But that does not mean that those issues will keep the Fed on hold

indefinitely.

Diverging from its usual characterization of the U.S. economy, the FOMC

said “recent global economic and financial developments may restrain economic

activity somewhat and are likely to put further downward pressure on inflation

in the near term.”

And while continuing to call risks to the outlook “nearly balanced,” the

FOMC took the unusual step of adding it “is monitoring developments abroad.”

Yellen’s comments were laced with explanations why the FOMC had to take

into account external factors and their financial reverberations. In her opening

statement, she said, “the outlook abroad appears to have become more uncertain

of late.”

“Heightened concerns about growth in China and other emerging market

economies have led to volatility in financial markets,” she continued.

“Development since our July meeting including the drop in equity prices, the

further appreciation of the dollar, and a widening in risk spreads have

tightened overall financial conditions to some extent.”

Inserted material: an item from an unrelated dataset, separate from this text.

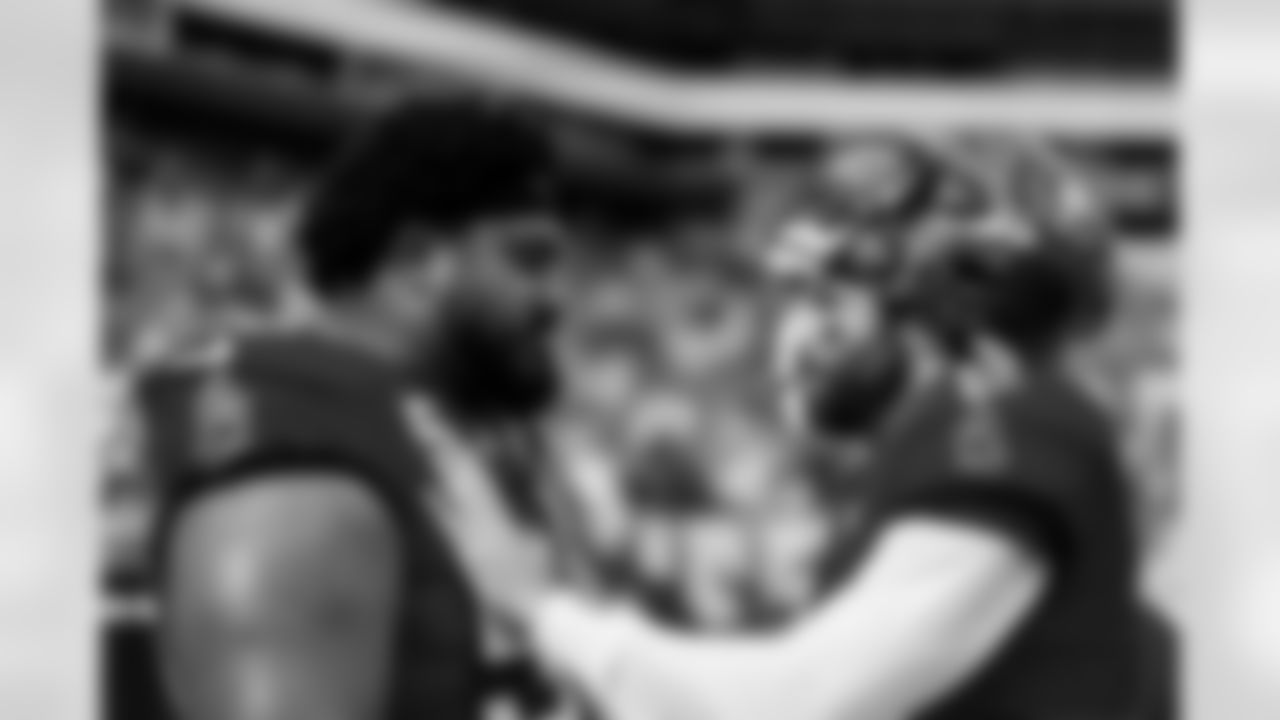 TAMPA, FL - December 07, 2025 - The Tampa Bay Buccaneers and New Orleans Saints during a regular season game at Raymond James Stadium. The Bucs lost the game, 24-20. Photo By Tori Richman/Tampa Bay Buccaneers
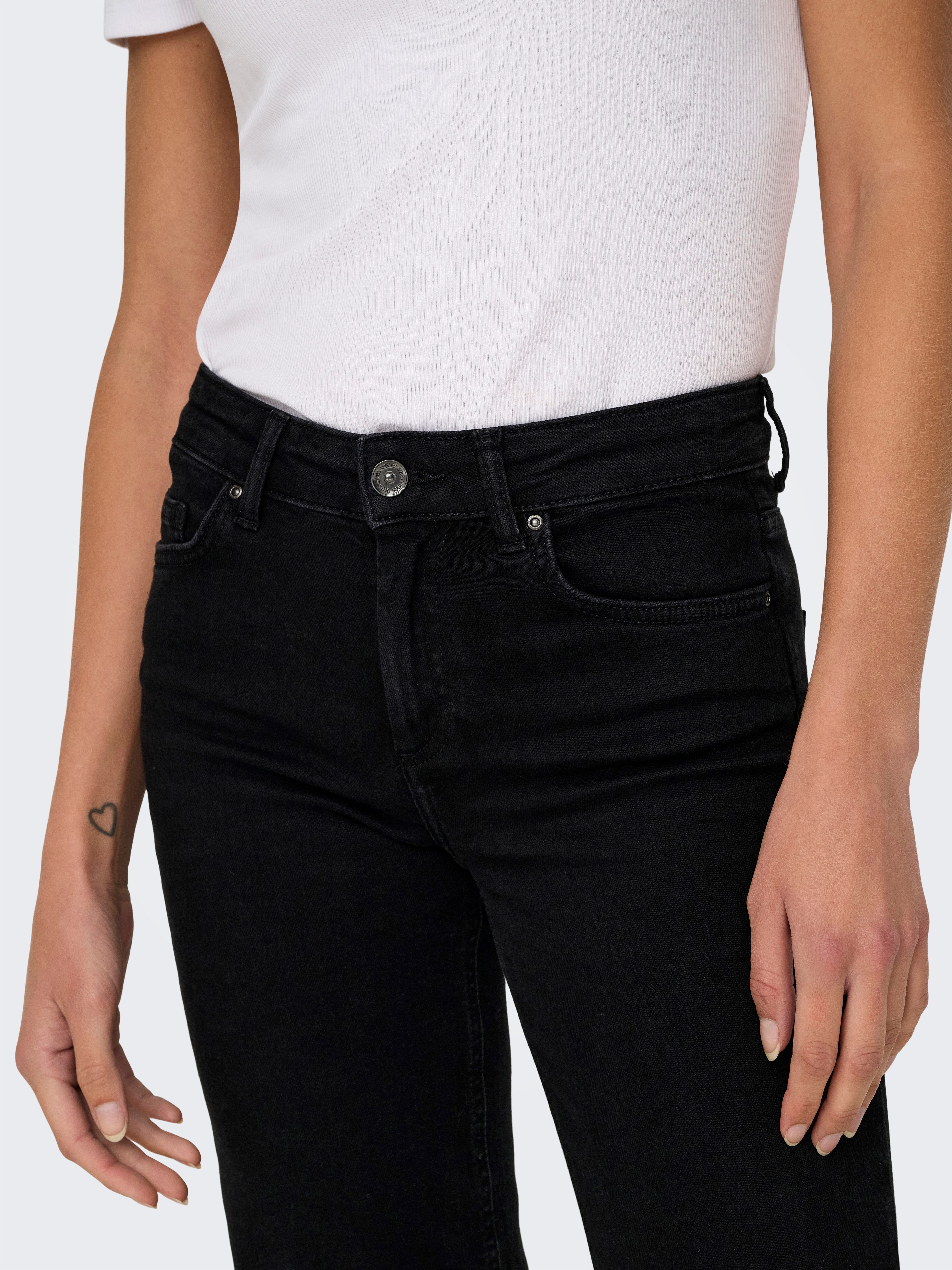 Only Straight jeans ONLBLUSH MID STRAIGHT DNM REA2343 NOOS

Yellen said “these developments may restrain U.S. economic activities

somewhat and are likely to put further downward pressure on inflation in the

near term. Given the significant economic and financial interconnections between

the United States and the rest of the world, the situation abroad bears close

watching.”

Yellen said the FOMC discussed a possible rate hike, but “in light of the

heightened uncertainties abroad and the slightly softer expected path for

inflation, the committee judged it appropriate to wait for more evidence,

including some further improvement in the labor market, to bolster its

confidence that inflation will rise to 2% in the medium term.”

Elaborating, Yellen acknowledged the FOMC had “focused particularly on

China and emerging markets.”

She said the Fed has “long expected… some slowing in Chinese growth over

time as they rebalance their economy,” but said “the question is whether or not

there might be a risk of a more abrupt slowdown than most analysts expect.”

“And I think developments that we saw in financial markets in August in

part reflected concerns that there was downside risk to Chinese economic

performance and perhaps concerns about the deftness with which policymakers were

addressing those concerns,” she said.

“In addition we saw a very substantial downward pressure on oil prices in

commodity markets, and those developments have had a significant impact on many

emerging market economies that are important producers of commodities as well as

more advanced countries including Canada which is an important trading partner

of ours that’s been negatively affected by declining commodity prices, declining

energy prices.”

Yellen observed “we have seen significant outflows of capital from those

countries, pressures on their exchange rates and concerns about their

performance going forward so a lot of our focus has been on risks around China,

but not just China, emerging markets more generally and how they may spill over

to the United States.”

The Fed chief insisted she and her colleagues “don’t want to really respond

to market turbulence” and “it is certainly not our policy to do so.”

“But when there are significant financial developments, it’s incumbent on

us to ask ourselves what is causing them,” she said. “And of course while we

can’t know for sure, it seemed to us as though concerns about the global

economic outlook were drivers of those financial developments.”

But while she repeatedly explained why the FOMC had to “take into account”

global and financial developments, Yellen also took pains to remind reporters

they are not the only things it will be looking at.

“Now, I do not want to overplay the implications of these recent

developments, which have not fundamentally altered our outlook,” she said. “The

economy has been performing well, and we expect it to continue to do so.”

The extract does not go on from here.